Think about it: Every drawing, every photograph, every person or image you look at in a two-dimensional form has a backside — a reverse — that you can’t see but which, theoretically, exists … well, somewhere.

Like, whoa.

It’s an exercise in abstract thinking most of us — those of us with, perhaps, less artistic imaginations — wouldn’t even think to consider. But the inability to capture a three-dimensional object in a two-dimensional medium once vexed C.A. Traen.

Fortunately, Traen happened upon a solution to her frustration. Even more fortunately, Southern Nevadans can view the results of that epiphany in “Solo Chic,” an exhibition of Traen’s figurative ceramic sculpture that runs through July 13 at the Las Vegas City Hall Grand Gallery, 495 S. Main St.

The show, which is free and open to the public, can be seen from 7 a.m. to 5:30 p.m. Mondays through Thursdays.

The exhibition is a five-year retrospective of Traen’s work. Why “Solo Chic”?

“Well, ‘chic’ is style, but it’s also a word for ‘chick,’ ” Traen says. “So, I’m a chick. And, a lot of my work is female figuratives, so I think it connects in that way, too.”

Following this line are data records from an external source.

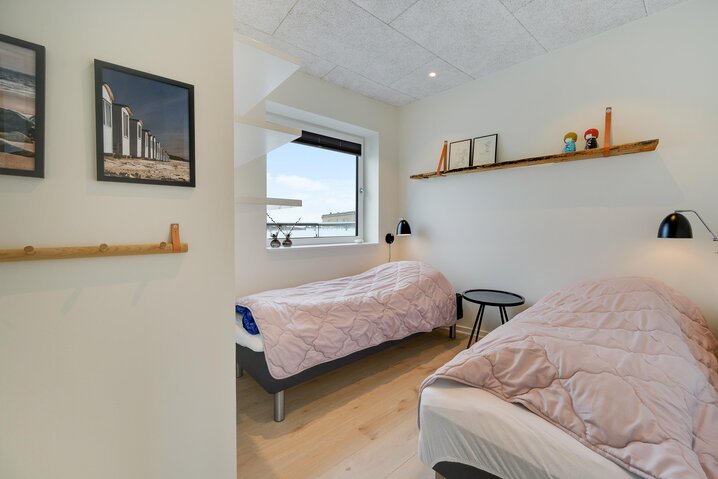 Ferienhaus i6887 in Lodbergsvej 38 D1.8, Søndervig - Bild #16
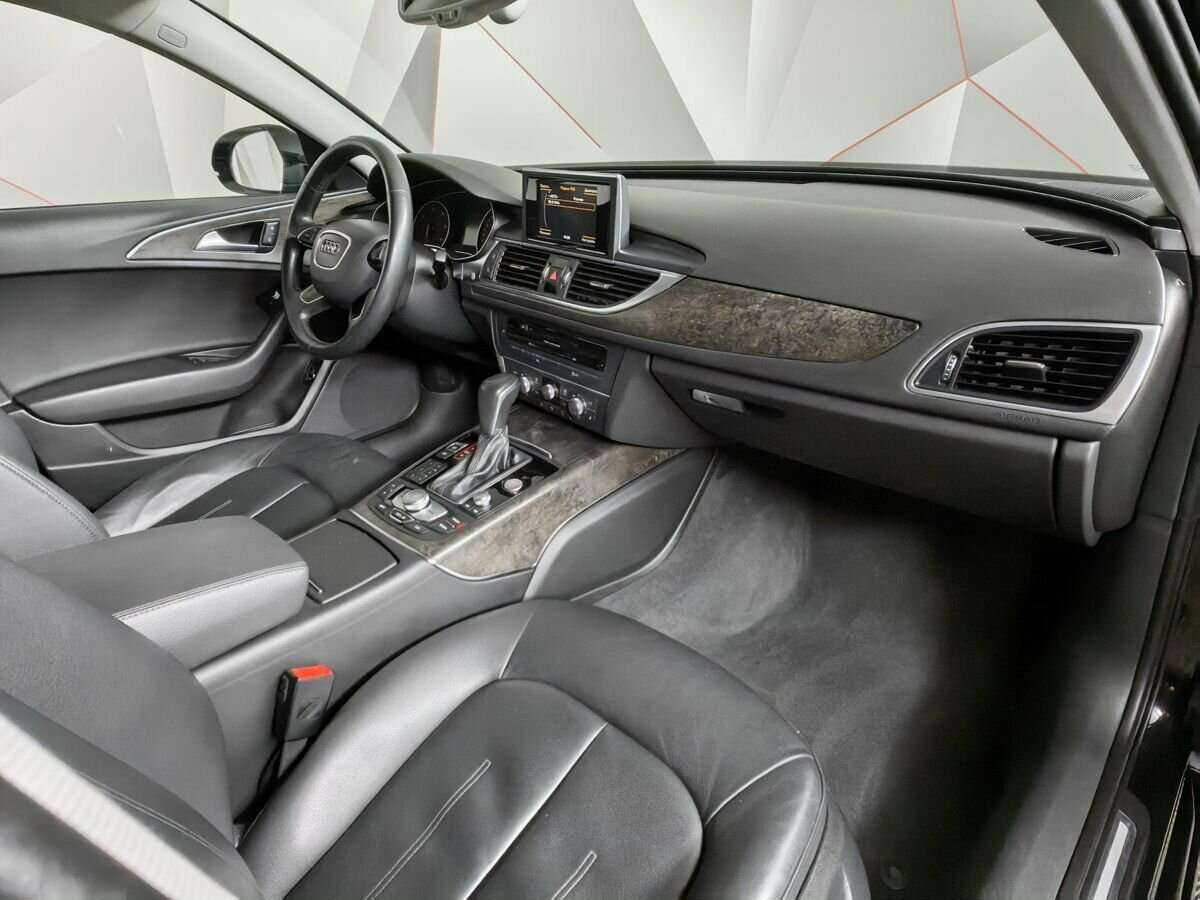 Купить Audi A6 с пробегом. Фото: #8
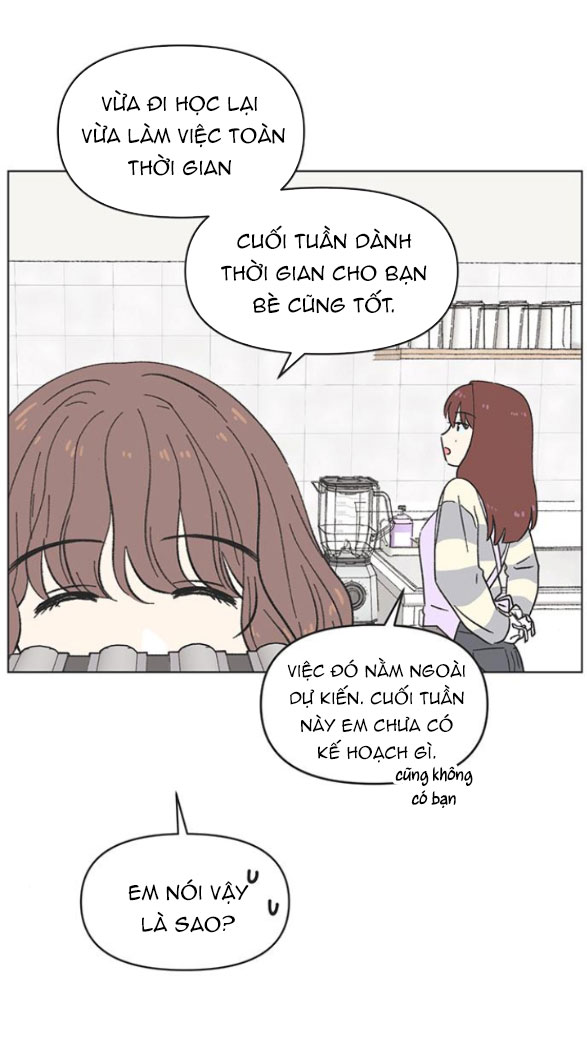 Thanh Xuân Đáng Yêu chapter 16.1 4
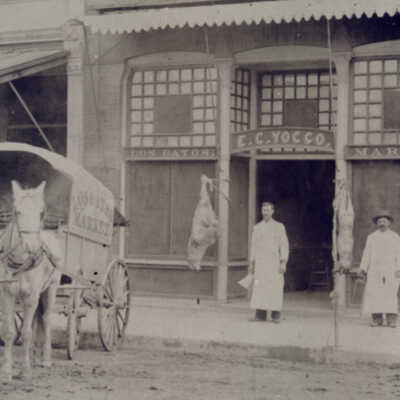 1880 Los Gatos Market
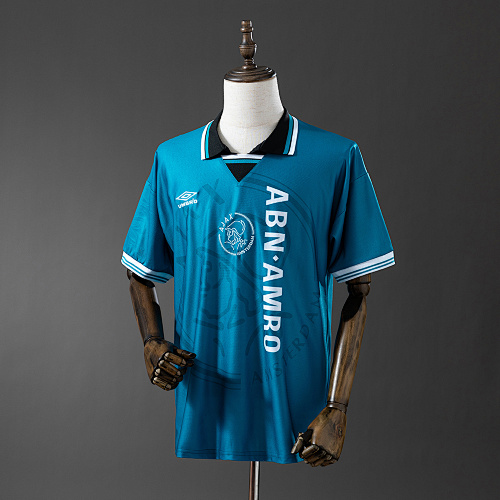 Retrô Ajax 95/96 Visitante S-XXL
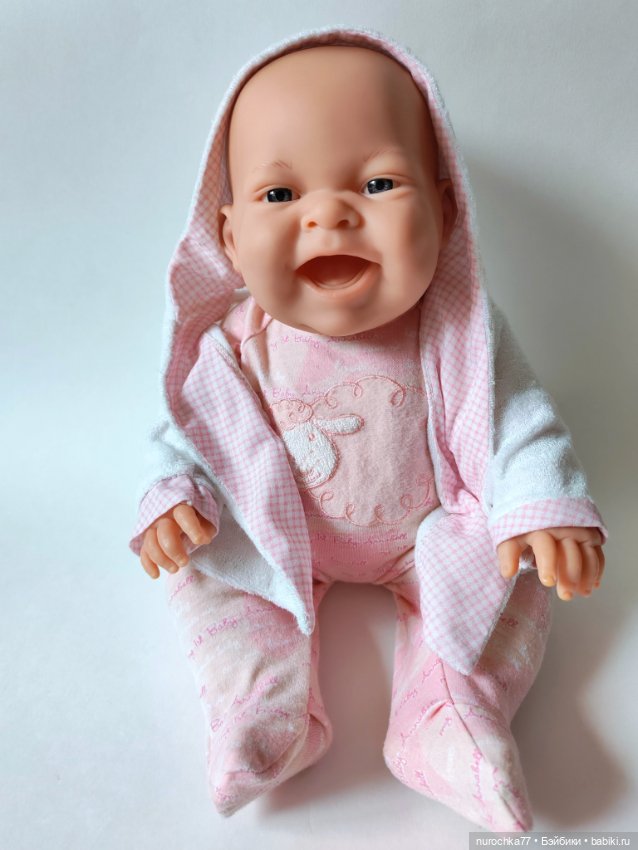 Малыши - ясельная группа — Коллекции игровых кукол (Playline): фото полок (фото 4)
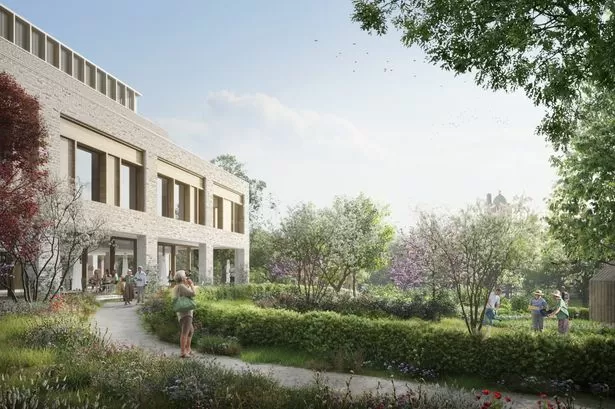 Report examines decision making around eye-wateringly costly cancer centre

Then, Traen continues, “it’s in the style of being solo, and being that it’s my first solo exhibition, I thought I should feature ‘solo’ in the title.”

Even though it is her first solo exhibition, an inclination toward creating art is nothing new for Traen, who says she was an artistic kid while growing up.

“I remember spending hours in my room with, just, a big stock of paper. My mom worked with computers way back in the ’80s and she would come home with huge stacks of computer paper. She was, like, ‘Here you go.’ That was the paper I’d draw on, and I loved it because it was larger format, and I was all excited about that.”

Also, Traen says, “my parents said that when I was young, people asked me what I wanted to do and — and I don’t want this for myself — I was always saying, ‘I’m going to be a starving artist.’ ”

She laughs. “I don’t really think I understood the concept of ‘starving.’ ”

Although Traen grew up in Fargo, N.D., she always knew she’d leave eventually.

“I wanted to go West,” she says, “and though I’d never been to California, that was my target.”

Her ticket westward came when she was recruited to swim at the University of Nevada, Las Vegas.

“They flew me out on an official visit, and I fell in love,” Traen says. “They had palm trees and a pyramid, and I was used to snow and all that stuff.”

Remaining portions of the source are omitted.